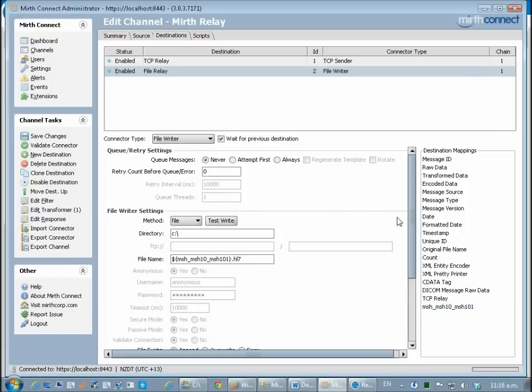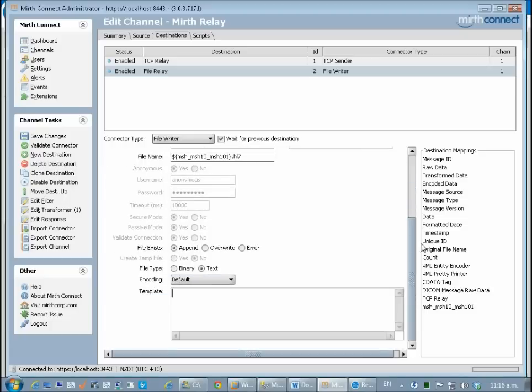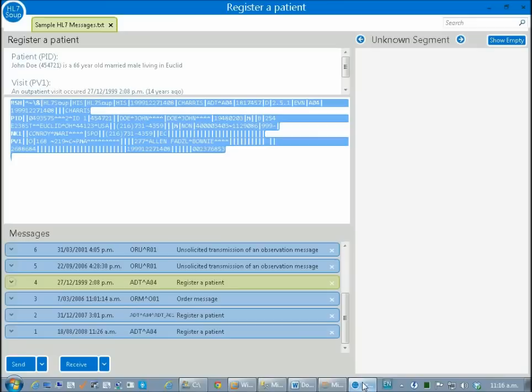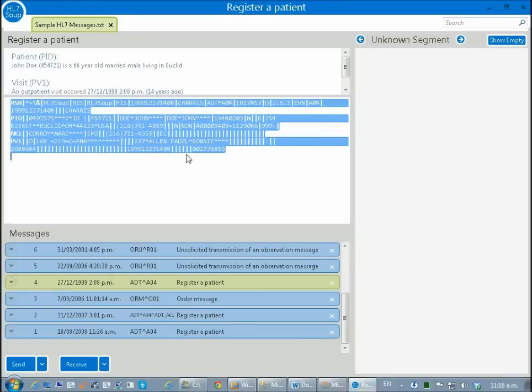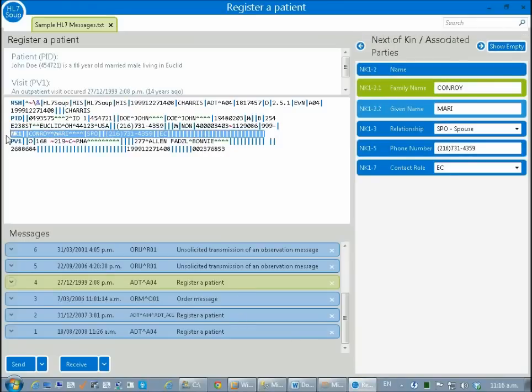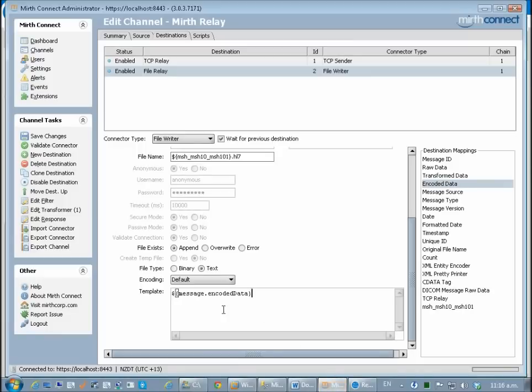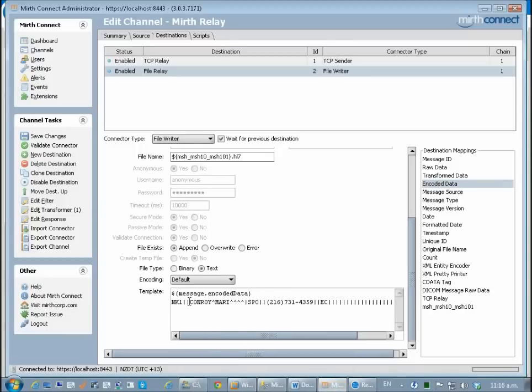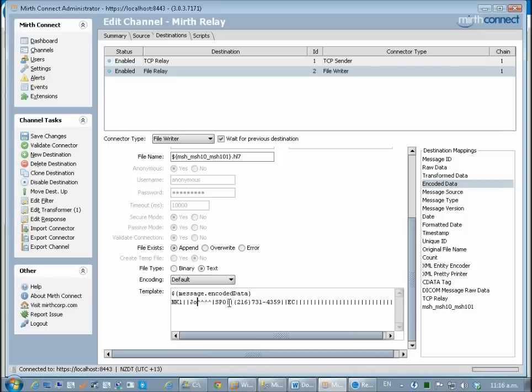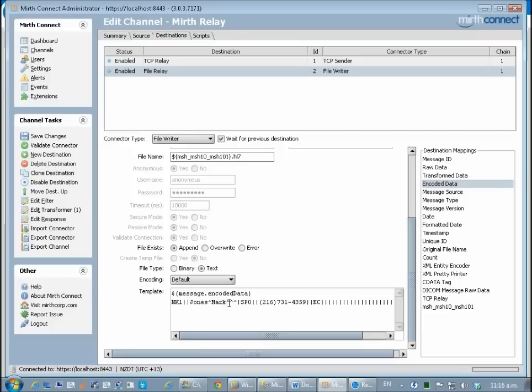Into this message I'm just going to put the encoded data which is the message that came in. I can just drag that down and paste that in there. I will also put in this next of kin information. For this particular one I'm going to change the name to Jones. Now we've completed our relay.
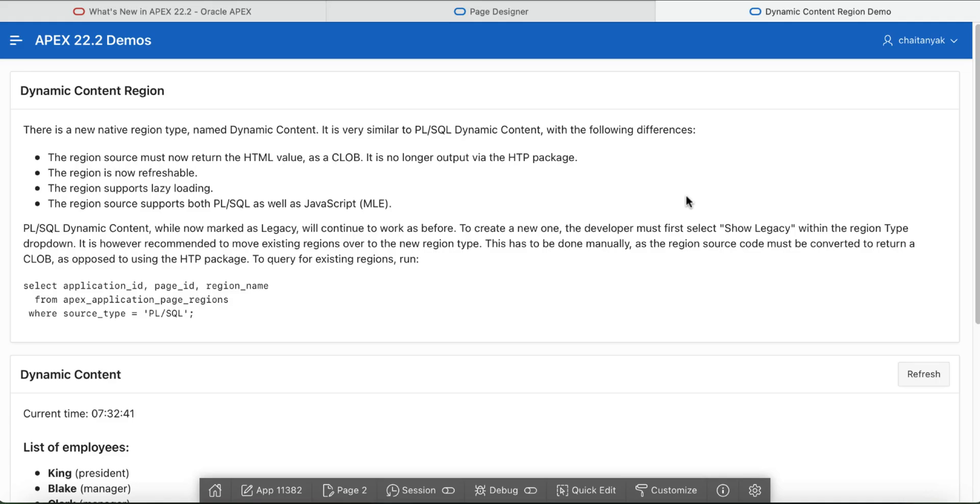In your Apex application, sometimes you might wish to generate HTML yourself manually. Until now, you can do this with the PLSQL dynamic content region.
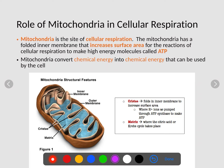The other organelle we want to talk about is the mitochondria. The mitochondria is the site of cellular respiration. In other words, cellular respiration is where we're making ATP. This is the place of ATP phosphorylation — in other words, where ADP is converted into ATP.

• • • •

**Activity**
Once the pictures are set aside, output the whole listing exactly.

**Solution below**
Into this message I'm just going to put the encoded data which is the message that came in. I can just drag that down and paste that in there. I will also put in this next of kin information. For this particular one I'm going to change the name to Jones. Now we've completed our relay.
In your Apex application, sometimes you might wish to generate HTML yourself manually. Until now, you can do this with the PLSQL dynamic content region.
The other organelle we want to talk about is the mitochondria. The mitochondria is the site of cellular respiration. In other words, cellular respiration is where we're making ATP. This is the place of ATP phosphorylation — in other words, where ADP is converted into ATP.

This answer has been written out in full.